The Viterbi Algorithm is a dynamic programming algorithm for finding the most likely sequence of hidden states, in the case of POS tagging, the hidden states are the parts of speech (POS). The algorithm requires two main inputs, which are typically expressed in matrix form:

- **Transition probabilities**, which provide the likelihood of moving from one hidden state to another.
- **Emission probabilities**, which provide the likelihood of an observed value given a specific hidden state.

The Viterbi Algorithm uses these probabilities to compute the most likely sequence of hidden states that lead to the observed data.

The algorithm essentially consists of two steps, a forward step (or recursion) and a backward step (or backtrace).
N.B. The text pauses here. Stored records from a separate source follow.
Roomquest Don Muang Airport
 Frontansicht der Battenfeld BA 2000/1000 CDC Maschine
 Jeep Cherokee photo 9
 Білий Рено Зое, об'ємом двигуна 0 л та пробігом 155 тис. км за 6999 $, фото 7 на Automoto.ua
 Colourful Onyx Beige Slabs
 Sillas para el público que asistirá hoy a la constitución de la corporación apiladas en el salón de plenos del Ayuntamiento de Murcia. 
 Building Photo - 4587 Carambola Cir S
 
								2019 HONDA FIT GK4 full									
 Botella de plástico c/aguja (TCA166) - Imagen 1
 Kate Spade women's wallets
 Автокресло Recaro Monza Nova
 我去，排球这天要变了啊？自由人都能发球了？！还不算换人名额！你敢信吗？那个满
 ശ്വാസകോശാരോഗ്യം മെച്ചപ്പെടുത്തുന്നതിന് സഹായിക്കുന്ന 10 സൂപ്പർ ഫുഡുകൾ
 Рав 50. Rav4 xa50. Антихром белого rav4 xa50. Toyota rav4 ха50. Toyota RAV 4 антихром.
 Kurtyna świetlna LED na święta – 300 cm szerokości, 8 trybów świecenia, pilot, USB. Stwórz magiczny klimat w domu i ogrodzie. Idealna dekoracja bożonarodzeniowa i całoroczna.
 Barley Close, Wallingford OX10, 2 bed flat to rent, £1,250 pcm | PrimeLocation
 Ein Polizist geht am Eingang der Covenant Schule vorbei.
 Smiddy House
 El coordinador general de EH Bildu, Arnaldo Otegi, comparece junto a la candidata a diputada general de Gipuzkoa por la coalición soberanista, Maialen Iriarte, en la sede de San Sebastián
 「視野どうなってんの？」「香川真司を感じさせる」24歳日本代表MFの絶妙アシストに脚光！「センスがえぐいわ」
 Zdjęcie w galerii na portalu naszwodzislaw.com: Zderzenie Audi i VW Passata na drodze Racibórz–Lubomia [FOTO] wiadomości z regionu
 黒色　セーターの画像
1. **Forward step**: It goes through the sequence from start to end, storing at each position the maximum probability of each state and the state that preceded it.
2. **Backward step**: It backtracks from the end of the sequence to the beginning using the stored information to find the most probable path.

Below is an implementation of the Viterbi Algorithm in Python:


In [3]:
import numpy as np

def viterbi(words, tags, start_p, trans_p, emit_p):
    """
    Parameters:
    words : list of observations (e.g., words)
    tags : list of tags (e.g., POS tags)
    start_p : list of start probabilities (prior)
    trans_p : transition probability matrix
    emit_p : emission probability matrix

    Return:
    The best path with its corresponding probability.
    """

    # Initialization
    # List of Viterby variables
    V = [{}]
    # Dictionary of backward pointers.
    # The key in this dictionary is the state, and the value is the optimal path leading to this state.
    path = {}

    # Step 1. Initial probability = start probability x emission probability
    for tag in tags:
        V[0][tag] = start_p[tag] * emit_p[tag][words[0]]
        path[tag] = [tag]

    # Step 2. Forward
    for m in range(1, len(words)):
        V.append({})
        newpath = {}

        for tag in tags:
            # Maximum transition probability x corresponding emission probability
            (prob, state) = max(( V[m-1][y0] * trans_p[y0][tag] * emit_p[tag][words[m]], y0)
                                  for y0 in tags)
            V[m][tag] = prob
            # Store the path
            newpath[tag] = path[state] + [tag]

        path = newpath

    # Step 3. Maximum probability for final state
    (prob, state) = max((V[m][tag], tag) for tag in tags)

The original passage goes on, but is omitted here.